Tutti in piazza per Salvare il Pianeta

Sabato, 16 Marzo 2019 16:50
Una folla oceanica ha invaso le strade delle principali città del mondo al grido di “Salviamo il pianeta”, slogan della manifestazione “Fridays for Future” del 15 marzo scorso, prima manifestazione globale per il clima.

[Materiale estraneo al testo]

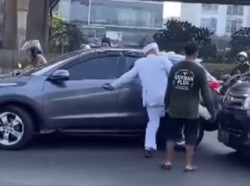 Viral Aksi Pengantin Pria Ngamuk Hingga Tendang Mobil di Jaksel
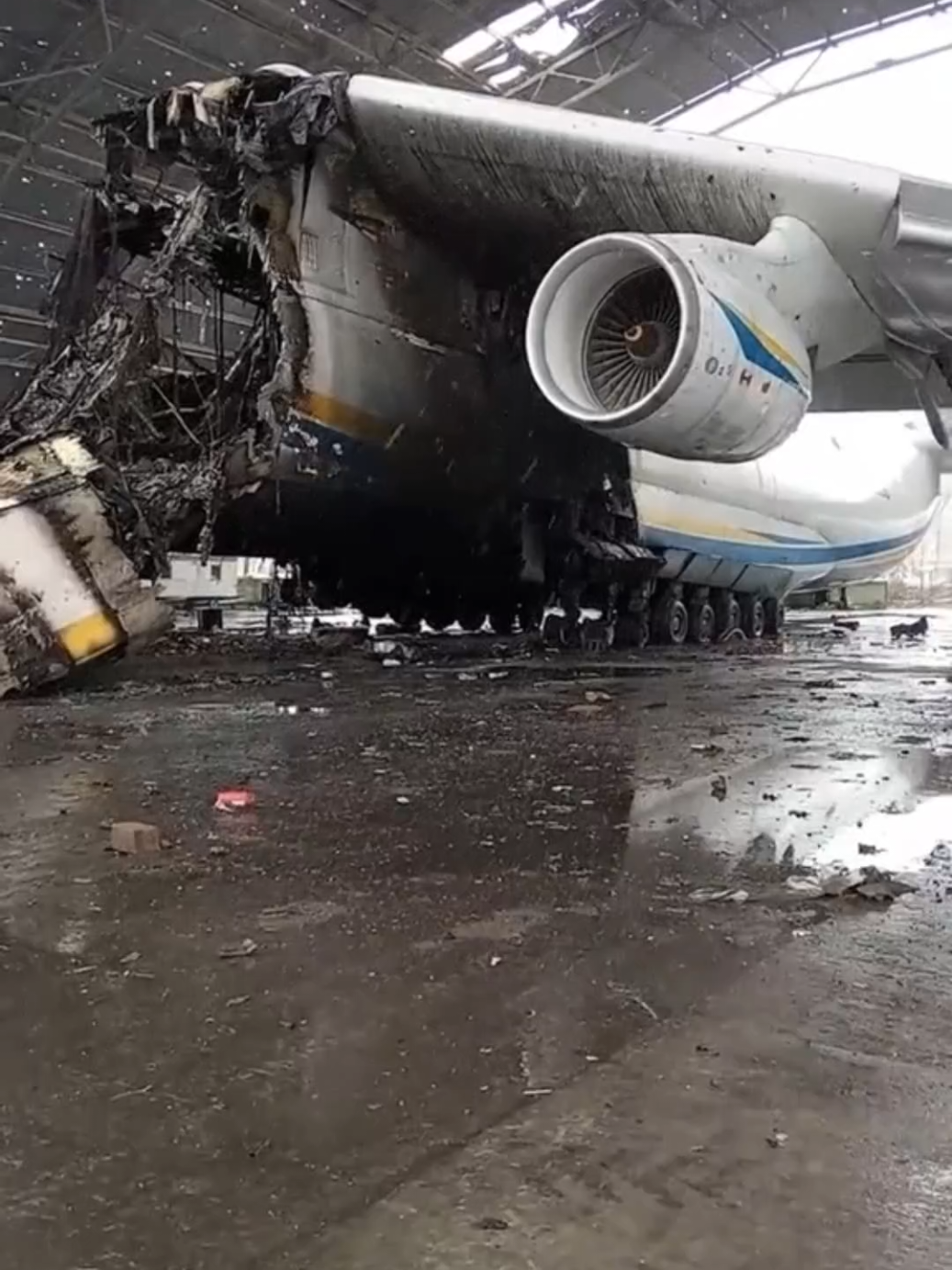 Antonov An-225 Mriya adalah pesawat kargo terbesar di dunia, hanya ada satu unit yang pernah dibuat. Dibangun di Ukraina pada tahun 1980-an, pesawat ini jadi simbol kejayaan teknologi aviasi. Sayangnya, pada tahun 2022, pesawat legendaris ini hancur saat konflik melanda Ukraina. Kehilangan Mriya bukan hanya duka bagi Ukraina, tapi juga bagi dunia penerbangan. #viralvideo #tech #viral #fakta #fyp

Tutto è nato dalla determinazione di una sedicenne attivista svedese, Greta Thunberg che, dallo scorso settembre e per ogni venerdì, ha saltato la scuola per protestare davanti alla sede del Parlamento svedese munita di un cartello sul quale campeggia la scritta “Sciopero per il clima”. Il suo non è rimasto un gesto isolato, ma ha fatto da traino per smuovere le coscienze dei suoi coetanei che, sull’esempio di Greta, si sono riversati nelle strade ed hanno fatto sentire la loro voce, bacchettando i potenti della terra, rei di starsene con le mani in mano e di non fare nulla per garantire alle nuove generazioni un pianeta vivibile, lasciando che «la nostra casa vada in fiamme». La giovane Greta, candidata al premio Nobel per la Pace, è l’esempio lampante di come la “sua” sia l’ultima generazione che può e deve fare qualcosa per migliorare le cose. «Non c’è più tempo» è stato il grido unanime dei giovani, «Meno fossili e più rinnovabili» le scritte sui cartelloni, «Ci avete rotto i polmoni» la denuncia degli adolescenti. «Non vogliamo le vostre speranze, vogliamo che vi uniate a noi» ha ribadito Greta, alla testa del corteo a Stoccolma. «Questo sciopero viene fatto oggi, da Washington a Mosca, da Tromso a Ivercargill, da Beirut a Gerusalemme, da Shangai a Mumbai, perché i politici ci hanno abbandonato» ha proseguito dura la sedicenne svedese. «I politici conoscono la verità sul cambiamento climatico e ciononostante hanno ceduto il nostro futuro agli approfittatori, il cui desiderio di denaro veloce minaccia la nostra esistenza». Insieme a lei migliaia di studenti in piazza in oltre 150 paesi per lo “Strike4Climate”.